Innovation in Reinforcement Learning has primarily revolved around games. Not only are games enjoyable, but their rules, actions, and configurations are also well-defined, making them a productive platform for exploring new methods.
As Richard Sutton showed, we could write a book on these methods (and more!) Here we touch on the two primary approaches to reinforcement learning. Just like supervised learning and unsupervised learning, it is not either/or, and often the good approaches use them in combination.
Value-Based Methods
The general principle around value-based methods is for an agent to take actions that move the system to the highest expected realizable value. The machine learning algorithm works by learning a model which maps from a "State" and "Action" pair to an expected value, a number.
Figure 10. Value-based learning seeks to understand the value of taking an action in a particular observed state.
The value of taking an action, when in a state is calculated by experience. What is the expected future reward outcome if an action is made? We often follow this approach as humans. Here is a simple example in the final step of the noughts and crosses game.
Figure 11. Simple example of the final move of noughts and crosses to demo value-based learning.
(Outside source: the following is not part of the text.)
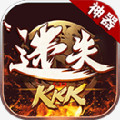 kkk迷失神器游戏纯净版 V1.2.0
In this case, we look at the decision of the one but last move of a "cross". The approach tries to assign a value to each of the actions, given a current state. We see that two actions lead to an equal possible chance of a win, whereas one move eliminates the chance of a win completely. This makes our action clear in this simple setting.
Value-based learning methods extend these principles to much more complex situations. To take a start in this space, look up Q-learning.
Policy Based Methods
A policy is a mapping from "State" to "Action", what action should I do in a given state. Policies are learned to not minimise a loss function as in supervised learning, but instead to maximise the expected reward. Therefore many machine learning tools, as for Value-based learning, can be used in policy base RL methods; and often the most popular are deep neural networks (see above).
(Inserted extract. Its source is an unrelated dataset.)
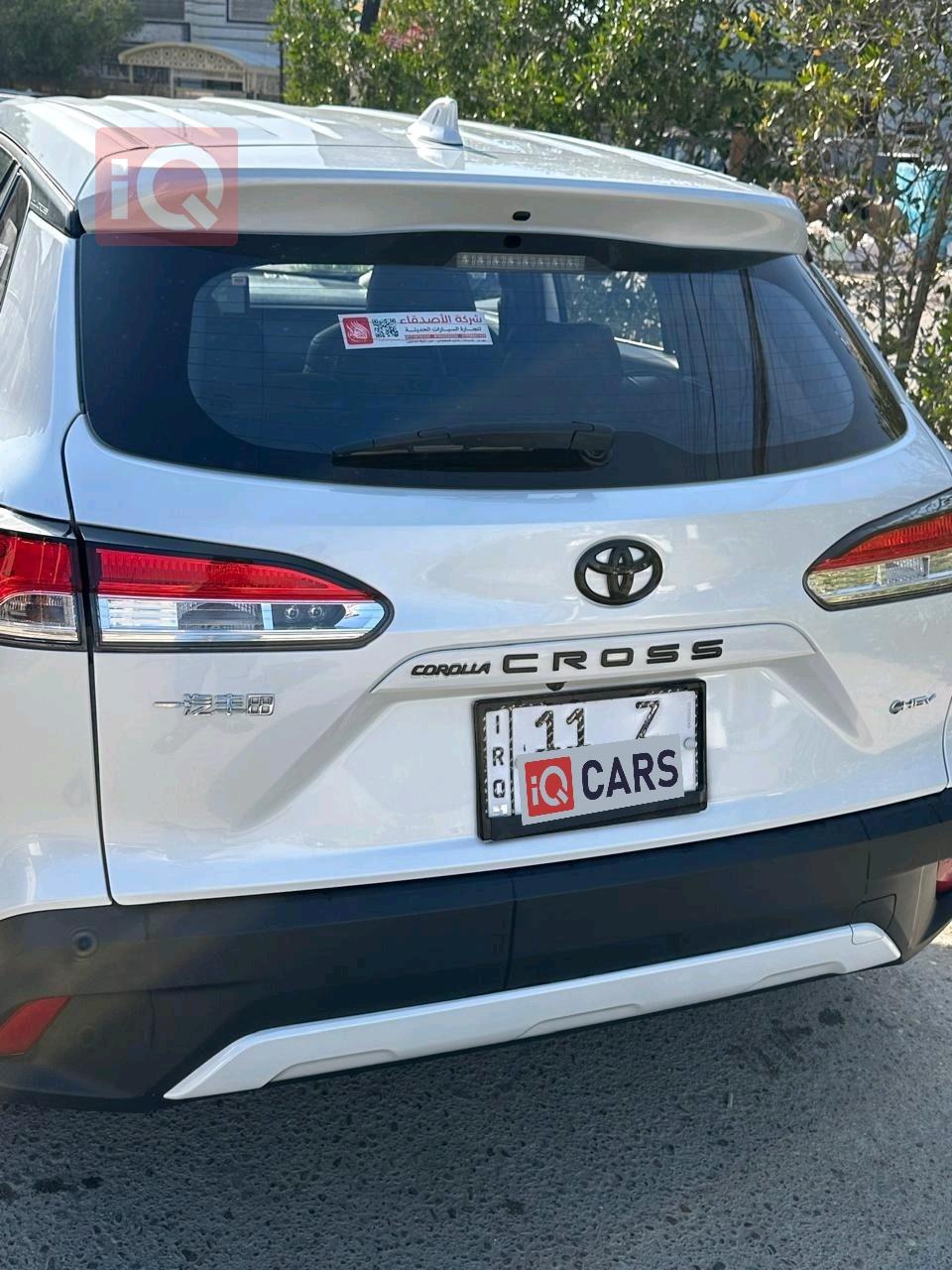 تويوتا كورولا كروس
Figure 12. Policy based methods are about understanding the mapping from a state to action for an agent.
Concluding Points
We take a fly-by tour of the core principles or ideas behind supervised and unsupervised learning. In no way is this a complete thesis, but lays the high-level landscape, so you can understand the difference in fundamental tasks that machine learning models can carry out, and what you might do with labeled and unlabeled datasets in your business or studies.
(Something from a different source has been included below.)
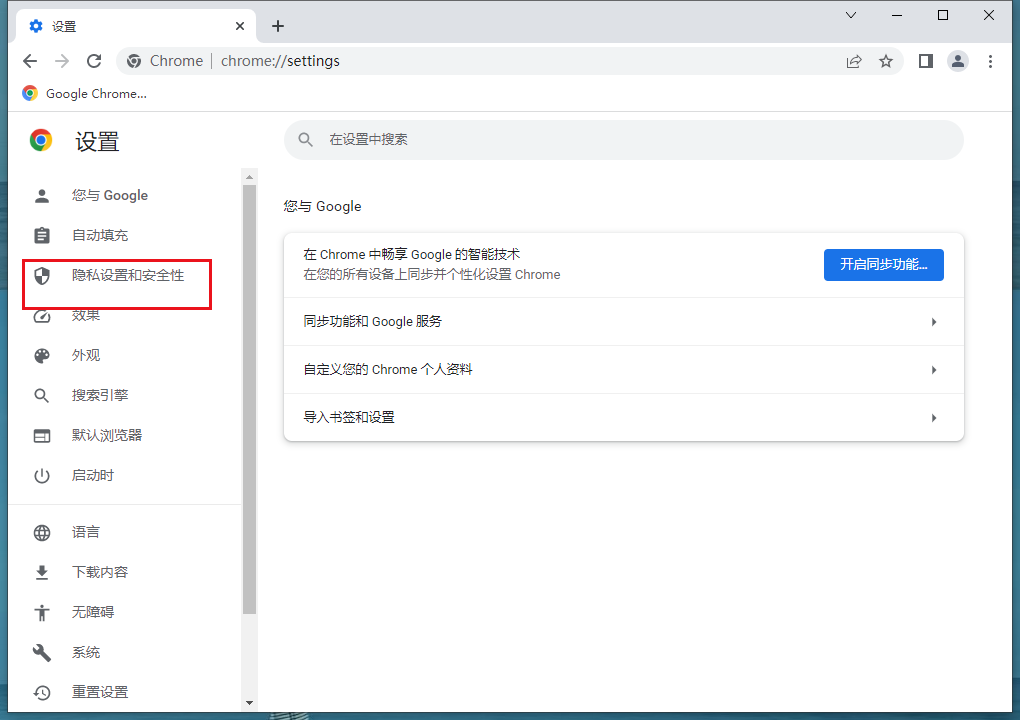 谷歌浏览器怎么设置退出自动清理模式?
From this, we then take one step further and show that machine learning is not just this simple divide between supervised vs unsupervised learning, but of course, is more complex. This includes hybrid methods, called semi-supervised learning; which bring together for particular settings of a data set.
Secondly, we take a quick look at reinforcement learning, a field of machine learning where algorithms learn through experience; an exciting "new" area which is getting significant momentum in building new systems which display "intelligence" in operating or controlling complex tasks.